Task instructions: The listing below is to be written out word for word, minus its images.

Data excerpts:
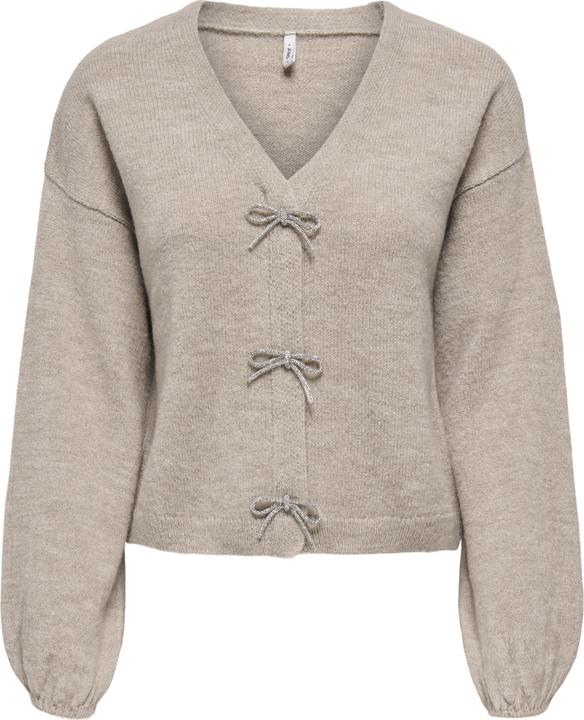 Produktbild Only ONLDONNA Strickpullover Strickpullover (XS)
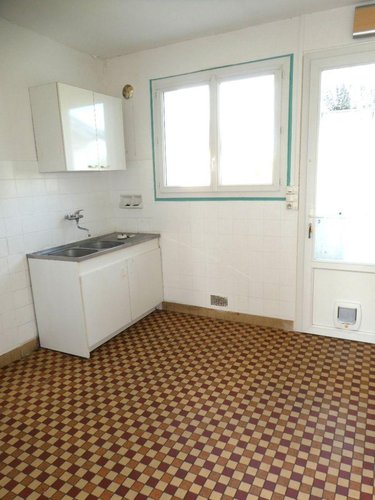 Maison a vendre Bléré 37150 Indre-et-Loire 63 m2 3 pièces 126030 euros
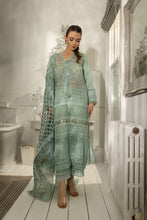Load image into Gallery viewer, Buy SOBIA NAZIR LUXURY LAWN 2024 Embroidered LUXURY LAWN 2024 Collection: Buy SOBIA NAZIR VITAL PAKISTANI DESIGNER CLOTHES in the UK USA on SALE Price @lebaasonline. We stock SOBIA NAZIR COLLECTION, MARIA B M PRINT Sana Safinaz Luxury Stitched/customized with express shipping worldwide including France, UK, USA Belgium
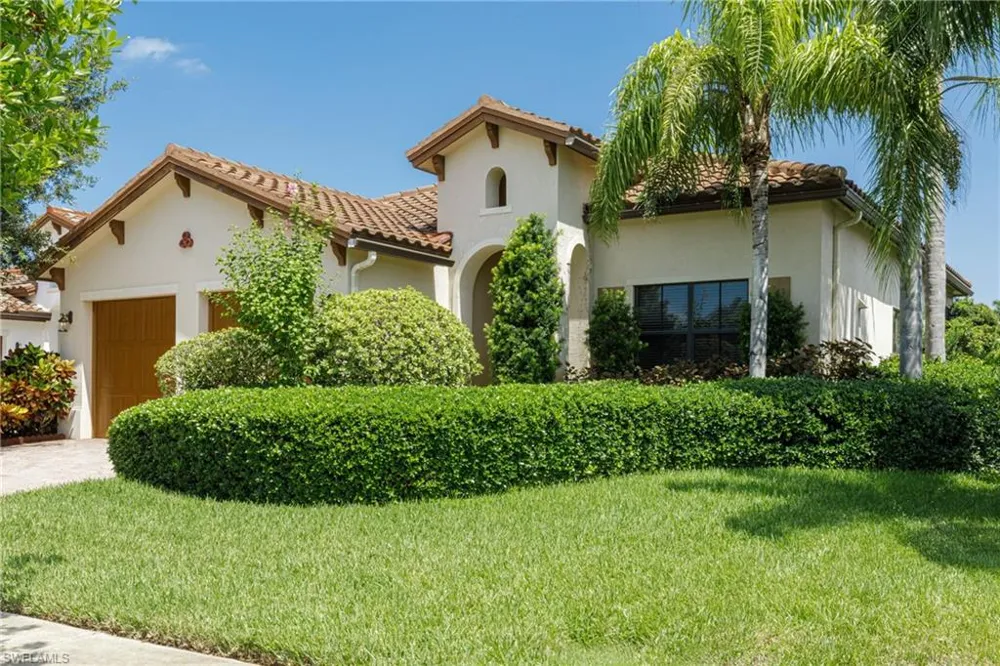 5275 Ferrari Avenue Ave Maria, FL 34142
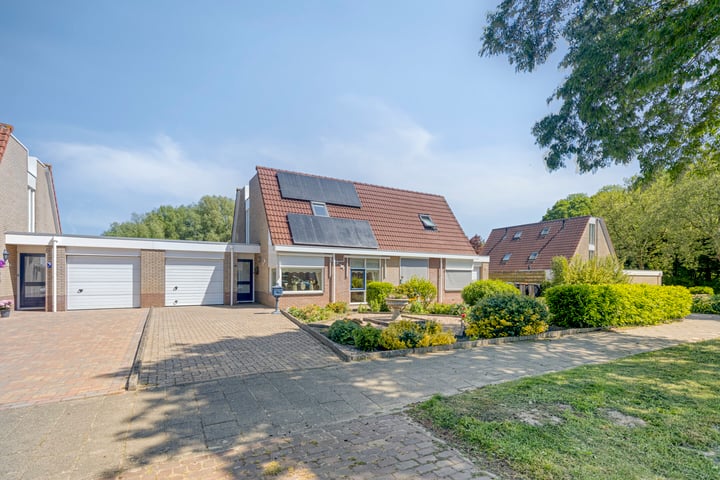Pekelderstraat 6 in Winschoten foto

Solution:
 Produktbild Only ONLDONNA Strickpullover Strickpullover (XS)
 Maison a vendre Bléré 37150 Indre-et-Loire 63 m2 3 pièces 126030 euros
Load image into Gallery viewer, Buy SOBIA NAZIR LUXURY LAWN 2024 Embroidered LUXURY LAWN 2024 Collection: Buy SOBIA NAZIR VITAL PAKISTANI DESIGNER CLOTHES in the UK USA on SALE Price @lebaasonline. We stock SOBIA NAZIR COLLECTION, MARIA B M PRINT Sana Safinaz Luxury Stitched/customized with express shipping worldwide including France, UK, USA Belgium
 5275 Ferrari Avenue Ave Maria, FL 34142
Pekelderstraat 6 in Winschoten foto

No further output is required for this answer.